Enquanto a combona chia,

vou ao fundo do baú,

busco maviosas lembranças

guardadas com carinho,

que só numa noite de ausências

se pode revive-las, outra vez...

 

As horas troteiam em direção à aurora

sem preocupação alguma.

Ouve-se um silêncio profundo que de quando em vez

é quebrado pela voz do vento na quincha do galpão.

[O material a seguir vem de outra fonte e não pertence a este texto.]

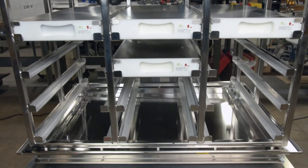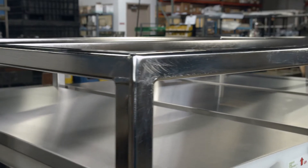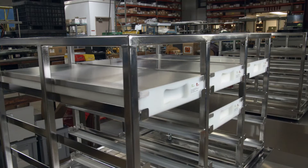Each rack will hold up to 12 containers. This particular unit right here has a custom rack to be able to accommodate single-use bag trays.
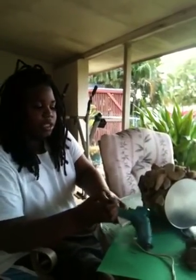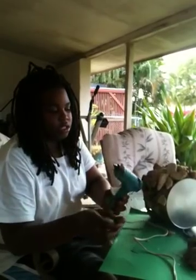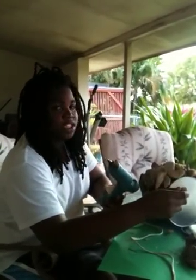I'll show you how we just use a glue gun to glue rocks onto this canister.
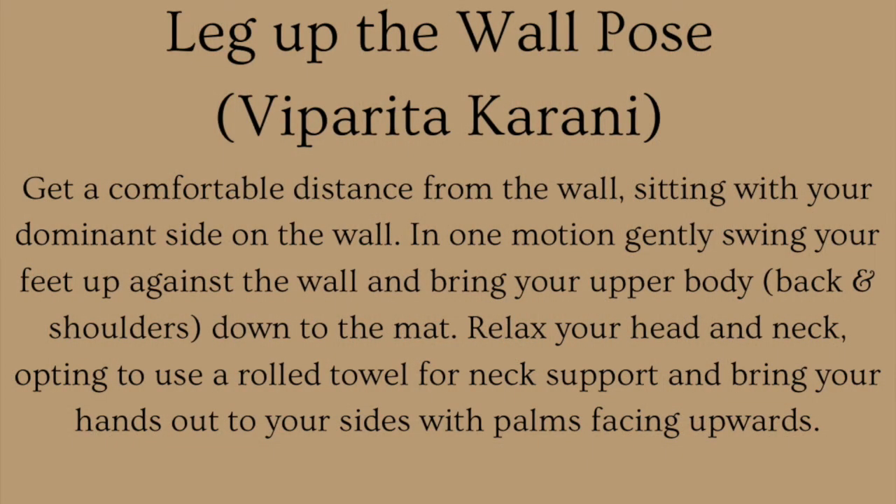Legs Up the Wall Pose: get a comfortable distance from the wall, sitting with your dominant side against the wall. In one motion, gently swing your feet up against the wall and bring your upper body, your back and shoulders, down to the mat. Relax your head, optionally using a rolled towel for neck support, and bring your hands out to your sides with palms facing upwards.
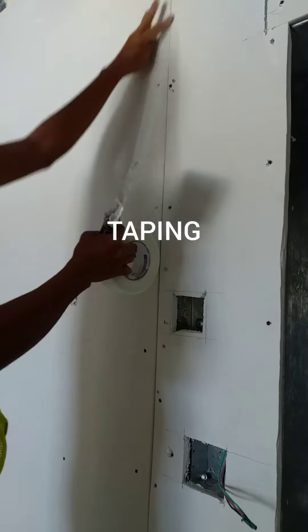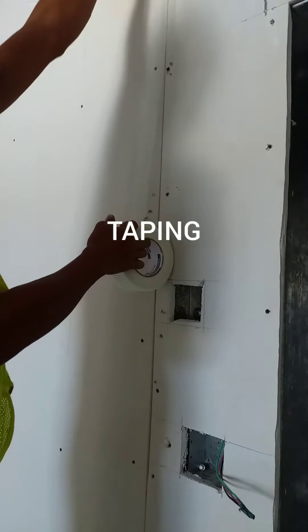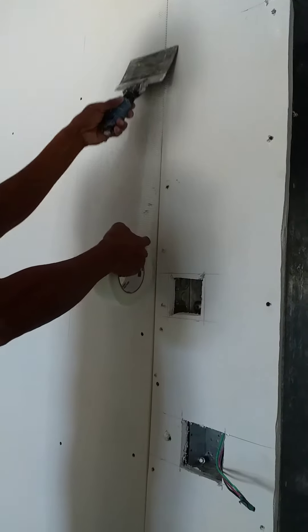Step number one: taping. Tape is applied to gypsum board joints and corner edges.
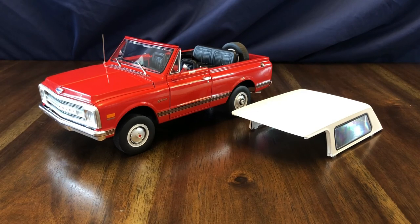Thank you for watching this video on the Acme Trading Company 1969 Chevrolet K5 Blazer in 1/18th scale. If you enjoyed this video, please give it a like and subscribe for more die cast reviews. Thanks!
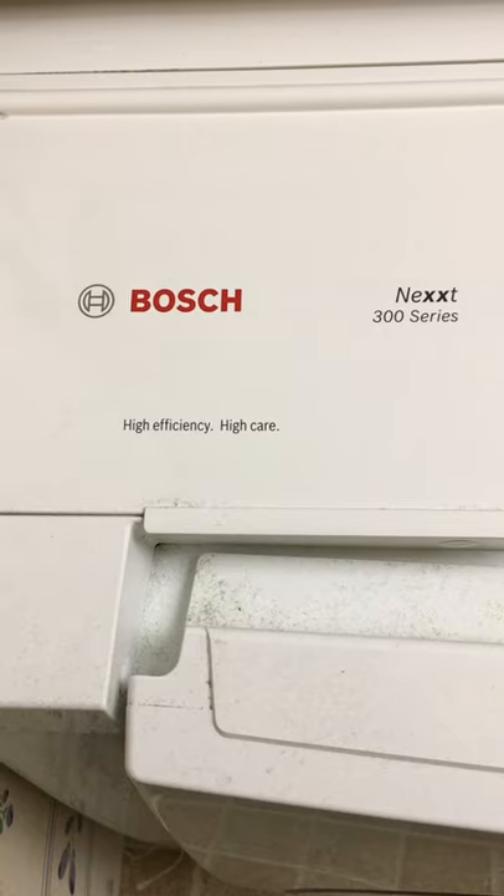Hi, I'm Jim with the WORX RL channel where we're making money by saving money, doing it ourselves. This is a Bosch Nex 300 series HE washing machine. We've had it for 15 years. It's been fantastic.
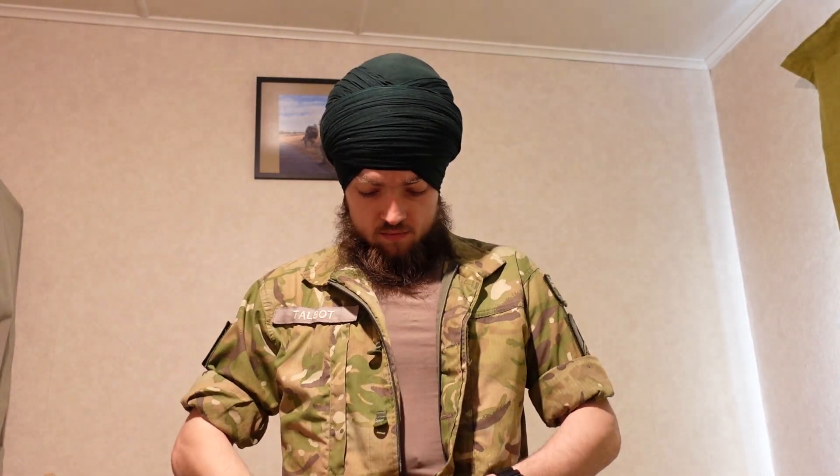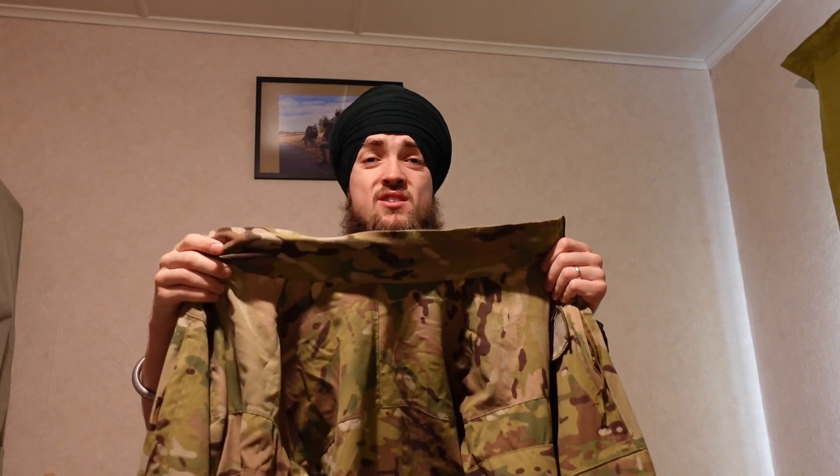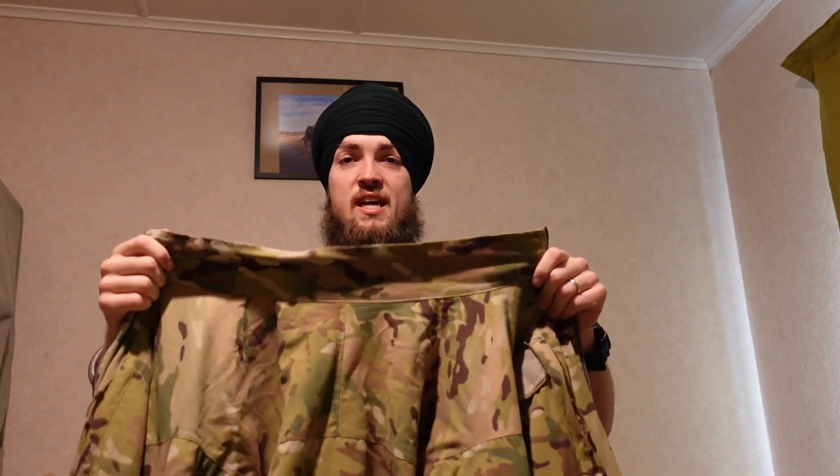Undershirt. That's my main camouflage uniform top, which in this style of uniform you always pre-roll your sleeves. And then this camouflage jacket, which we call the smock — because it's quite windy outside today, just to keep me warm. This wee patch here is usually where people's rank goes. All done.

Enquanto isso, remexo o baú grande do tempo

em busca de algum alento.

 

Entre um mate e uma lembrança,

puxo um “naco” daquele amarelinho,

fio de ouro, vindo de Sobradinho,

que guardo para os meus vícios

nas noites de insônia.

 

Pico bem a preceito,

sovo bem na palma da mão

puxando cada fiozinho

como se fosse uma rima rica e perfeita

para um verso de aporfia

no estilo Gildo  de Freitas.

 

A palha de milho catete,

das plagas de Encruzilhada,

caprichosamente sovada

com as costas da minha “Coqueiro”.

 

Fecho um baio, bato o tição,

ascendo e tiro uma tragada

daquelas de fazer corações no ar.

 

No meio da madrugada

numa quietude de tudo,

um pensamento insistente

pede prosa pro campeiro.

 

Quase ao cantar do galo

quando a lua descamba para a aurora

repisando o próprio rastro.

Que busco mais um feixe de lembranças

que o tempo não apagou.

É nessas horas, que o potro pensamento

corcoveia e não respeita o alambrado.

 

Então fico relembrando...

...esta vida é mesmo estranha,

do destino a gente apanha

até um dia entender

que o amor é como o sol...

nem sempre aparece,

mas se sabe que existe!

 

Entre uma pitada e outra

do meu baio bem sovado,

ouço a voz do silêncio,

remexendo no passado.

 

Ah! que saudades...

Saudade é tropilha maula

que se chega despacito,

é pior que matear solito

quando a velhice nos bate.

 

Pois chega lenta e matreira,

e como quem nada quer,

se amoita no pensamento

do vivente acabrunhado

que vai buscar no passado

as razões pros seus lamentos.

 

Encho mais um mate,

tiro mais uma tragada, e...

enquanto uma tropilha  de lembranças

troteiam a esmo,

construo um universo de sonhos

que a realidade desfaz.

 

Mas nestas horas calmas,

quando a boieira desperta,

o pensamento me leva

 onde jamais chegarei.

Então, encho o mate e tomo de novo,

sem ter com quem partilhar!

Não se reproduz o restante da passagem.